(Beginning of Data excerpt)

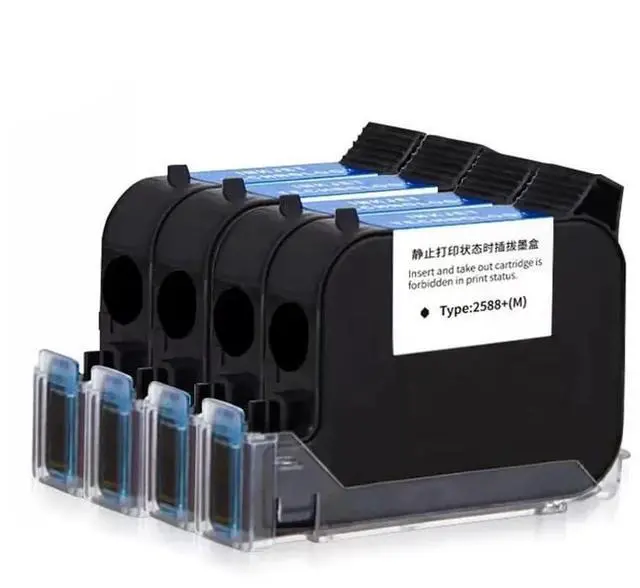 Main image of Compatible with Replacement 1PCS JS12 JS12M 600DPI 12.7mm Handheld Thermal Inkjet Printer Fast Dry Eco Solvent Ink Cartridge(Green)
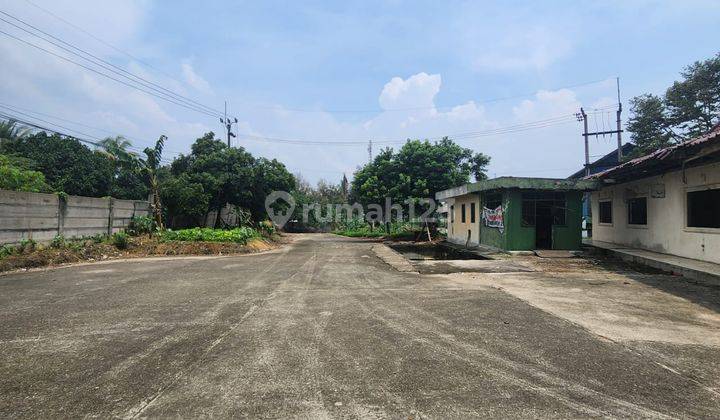 Dijual Tanah Bangunan Ex Pabrik di Bogor Rancabungur Jl Mekarsari 1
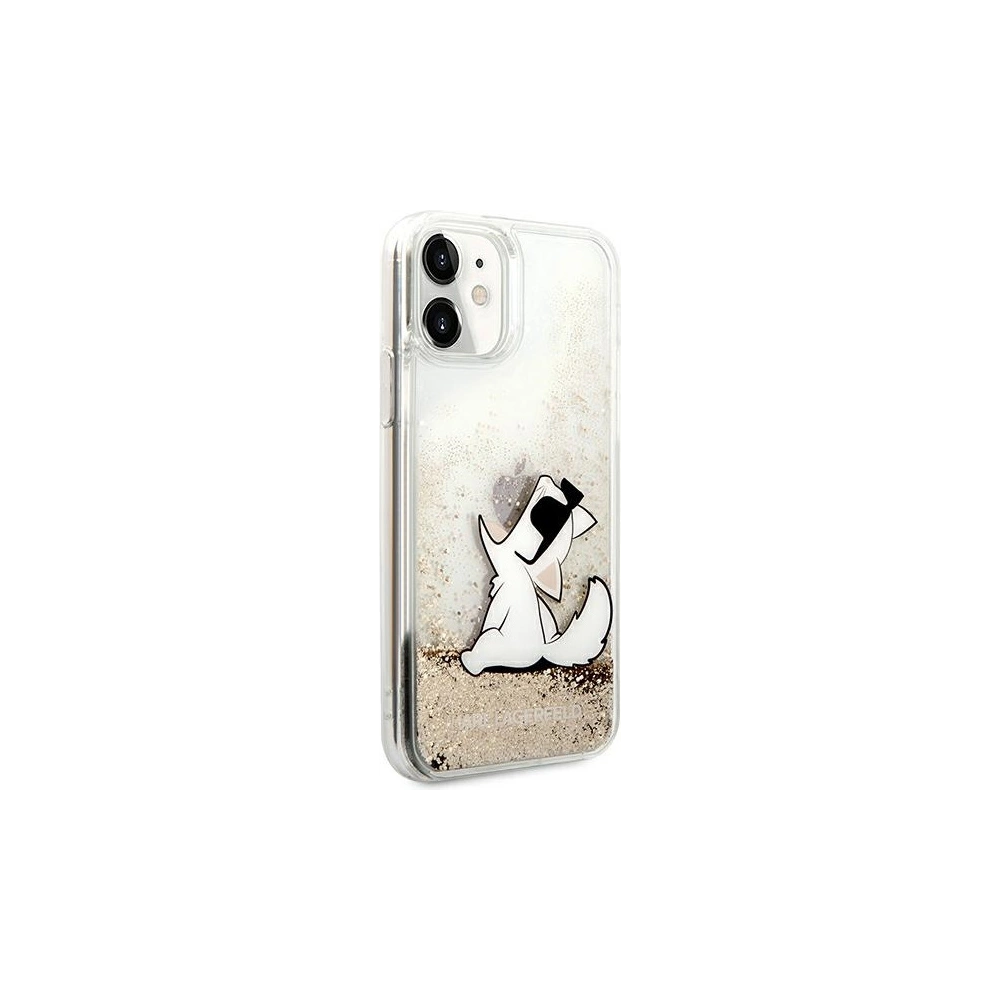 Wholesale Karl Lagerfeld KLHCN61GCFD Apple iPhone 11 gold hardcase Liquid Glitter Choupette Fun - KLD902GLD - {ean13} - Hurt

(End of Data excerpt)

■ Task to complete: Copy, exactly and exclusively, the lines beginning with the one that contains "Dijual Tanah Bangunan" and ending with the last line of the listing; pictures are to be omitted.

■ Problem solution:
 Dijual Tanah Bangunan Ex Pabrik di Bogor Rancabungur Jl Mekarsari 1
 Wholesale Karl Lagerfeld KLHCN61GCFD Apple iPhone 11 gold hardcase Liquid Glitter Choupette Fun - KLD902GLD - {ean13} - Hurt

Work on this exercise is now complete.